_Description of the task_: You are asked to copy the entire listing exactly, apart from its pictures.

_Data_:
..........
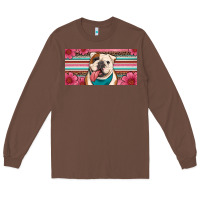 Chestnut english bulldog floral license plate Long Sleeve Tee - Artiststas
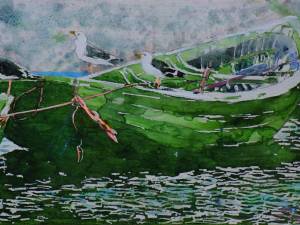 SOLD dories with gulls 8x15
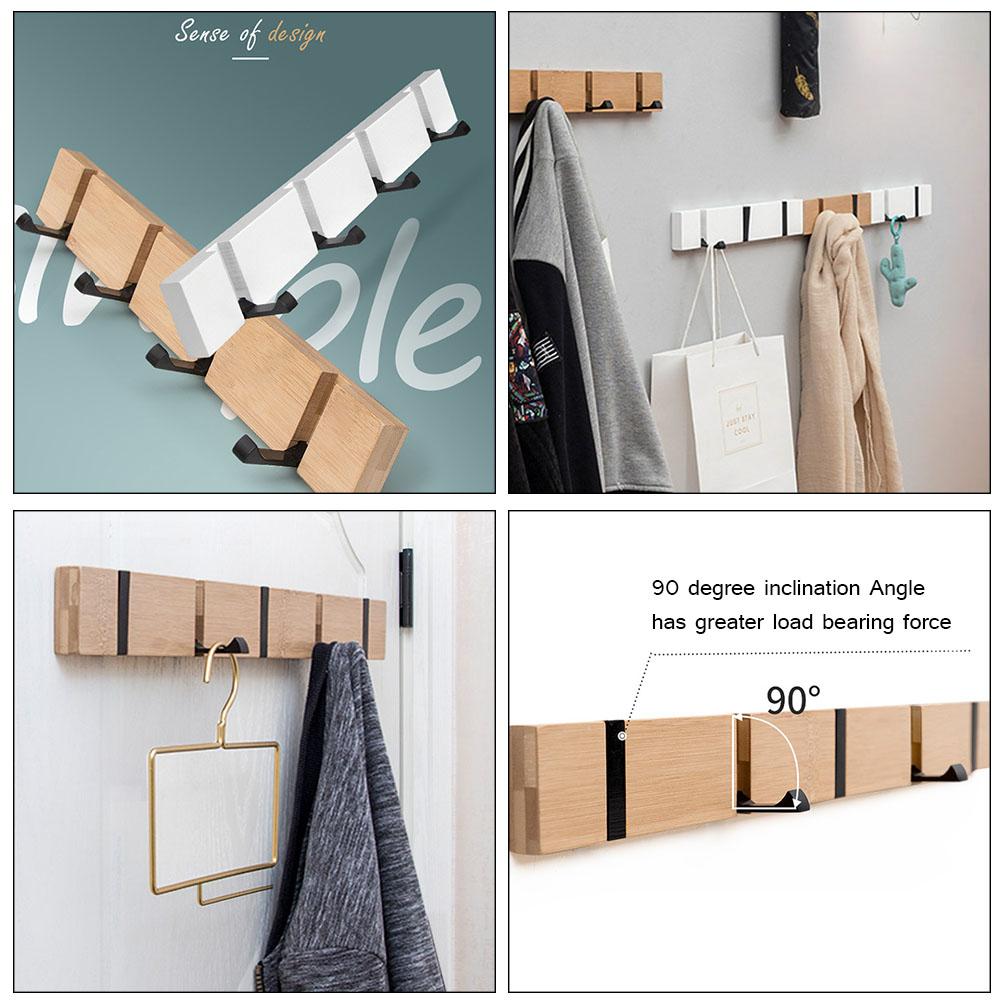Drewniany Haczyk na Ubrania Podwójny Sposób Montażu Składany Haczyk na Drzwi Ścianę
..........
_Finished task_:
 Chestnut english bulldog floral license plate Long Sleeve Tee - Artiststas
 SOLD dories with gulls 8x15
Drewniany Haczyk na Ubrania Podwójny Sposób Montażu Składany Haczyk na Drzwi Ścianę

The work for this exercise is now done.